The problem of formation of the wire marks becomes more noticeable in the case of the single-layer woven fabric in which the wefts form projections on the papermaking surface.
There has also been proposed the use of a multi-layer woven fabric in an effort to realize a high drainage property and a papermaking surface of a fine mesh while ensuring a high abrasion resistance capability.
Recently, there has arisen a trend that the papermaking process be carried out at a higher speed with a view to increasing the efficiency of paper manufacture process, which however presents additional new problems. The multi-layer woven fabric which can certainly exhibit advantageous effects unattainable with the single-layer woven fabric has a high water retaining property which is primarily ascribable to the multi-layer structure. By way of example, when the endless screen formed of the multi-layer woven fabric is driven at a high speed, there will take place such a phenomenon that water droplets are caused to fly out particularly at positions of the rotating turn-back rolls under a centrifugal force.
In this conjunction, it is noted that the single-layer woven fabric is substantially insusceptible to the phenomenon mentioned above due to inherently small water retention capacity. However, the single-layer woven fabric is conventionally provided with long knuckles disposed over the running surface for ensuring the abrasion resistance capability. Consequently, the papermaking surface assumes such a configuration that the long knuckles of warps are disposed in parallel with the knuckles of the weft projecting therebetween. When the raw paper material slurry is supplied onto the papermaking fabric or clothing in the course of running thereof, the paper fibers are necessarily oriented in the running or machine direction to be deposited between the long knuckles of the warps disposed in parallel on the cloth or caused to displace downwardly. The deposition or accumulation of the fibers between the parallel long knuckles of the warps will necessarily block the flow paths through which water can be drained, resulting in an obstacle to the desired drainage.
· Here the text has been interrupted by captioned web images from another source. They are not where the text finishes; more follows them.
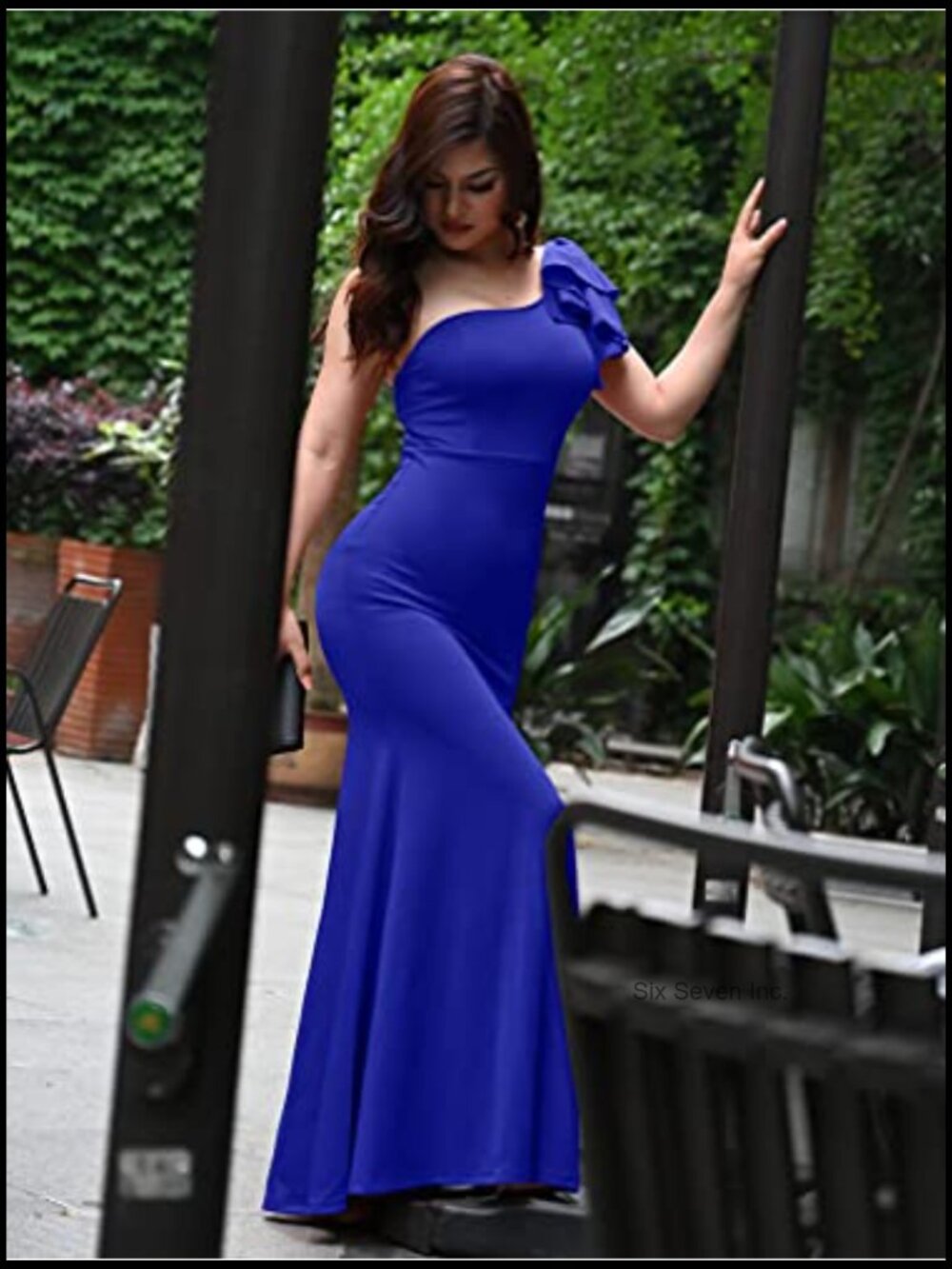 Sexy Sleeveless One Shoulder High Split Formal Evening Dress - Picture 3 of 7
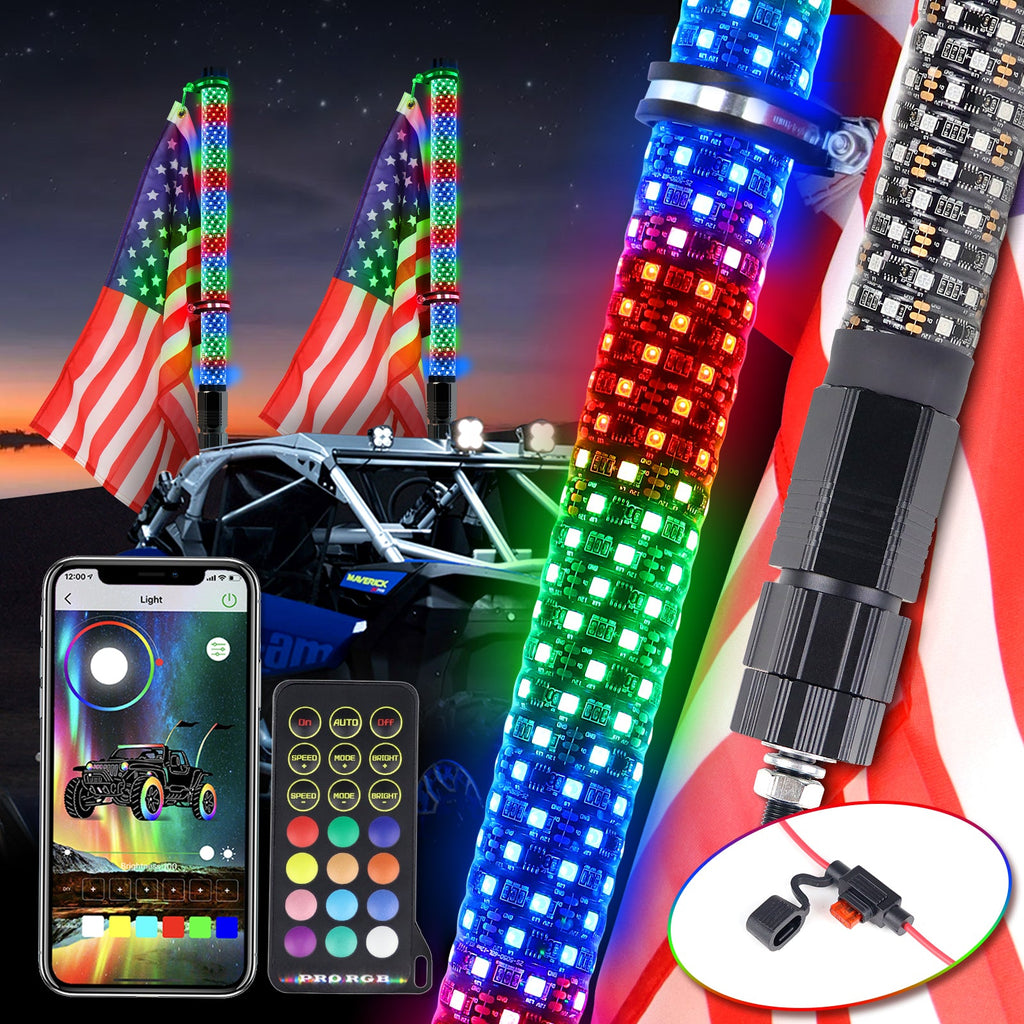 RF Remote+App Control  Dacning/Chasing Color Fat Strong LED Whip Lights for ATV/UTV/SXS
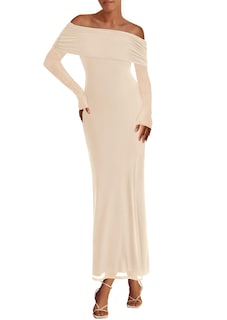 Foto 1 | Foto 1 | Vestido Largo Prettygarden De Malla Con Hombros Descubiertos Y Manga Larga Para Mujer - Venta Internacional.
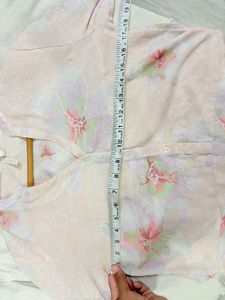 Sheer Floral Print V-Neck Tunic Top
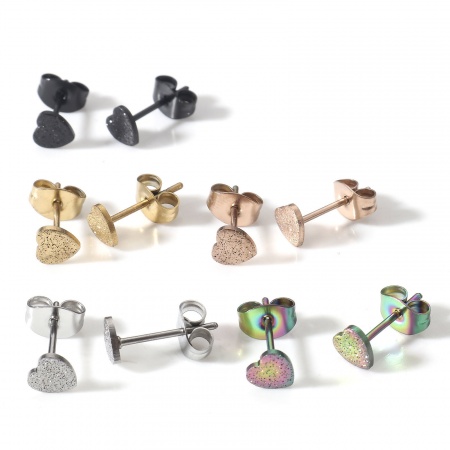 304 Edelstahl Ohrring Ohrstecker Herz Sternenstaub 5mm x 5mm, Drahtstärke: (20 gauge), 10 Stück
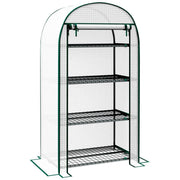 SERRA DA GIARDINO VERTICALE CON 4 RIPIANI IN METALLO E COPERTURA IN PE, 80X50X160 CM, BIANCO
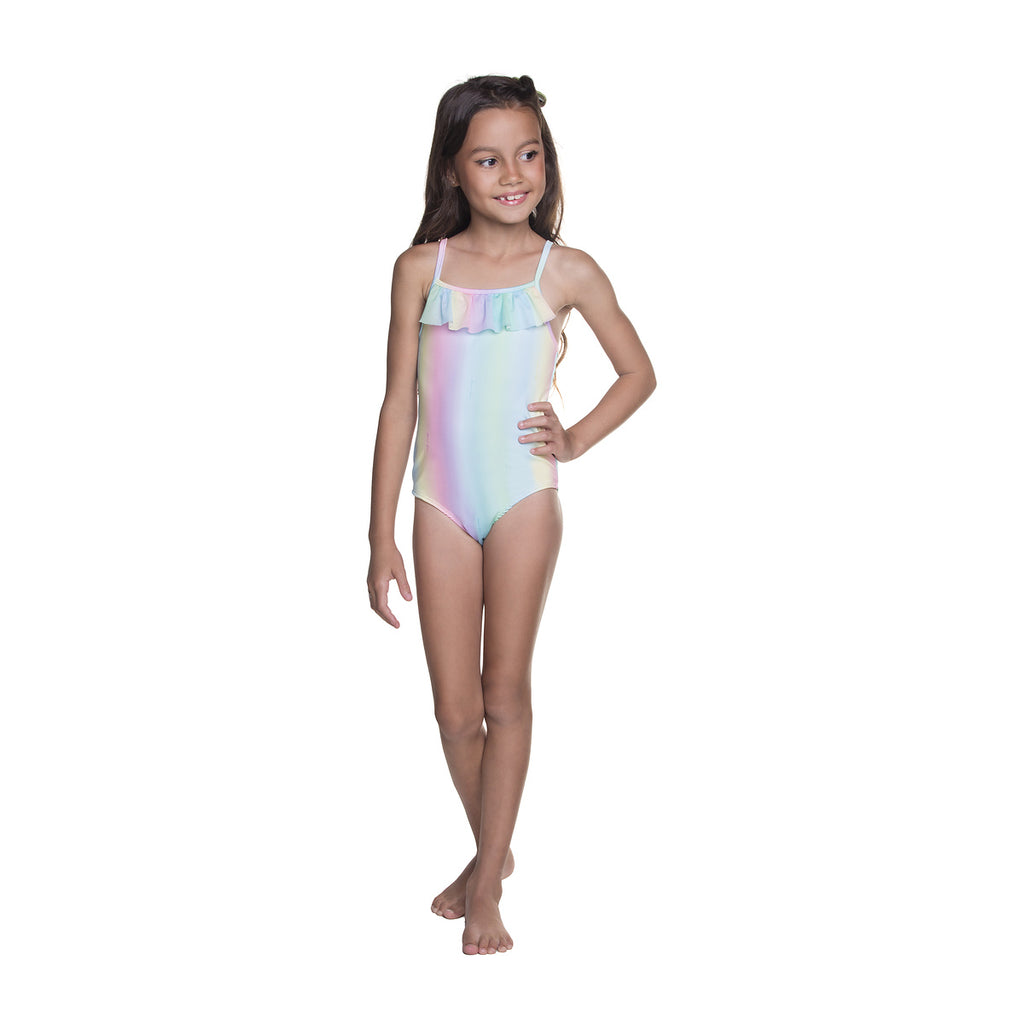 Maiô Infantil Com Babado Tule e Proteção UV 50+ - Have Fun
In order to avoid this difficulty, the vacuum must be increased, which will however favor the appearance of the wire marks.
In the course of intensive studies conducted by the inventor of the present application in tackling the solution of the problems associated with the requirements for a high paper material retention capability, suppression of generation of the wire marks, a high water drainage capability and a low water containing capacity, a high abrasion resistance capability and an improved runability and others, it has been found that an increased density of the wefts in the papermaking surface of the fabric is not suited for improving the raw paper material retention capability, while the multi-layer woven fabric is subjected to a limitation in reducing the water retention capacity of the fabric, requiring thus the use of the single-layer woven fabric, and that not only the plain weave but also the twill weave and satin weave of the single-layer fabric cannot reduce the void volume formed by the warps, being ineffective in preventing the formation of the pulp mats between the warps.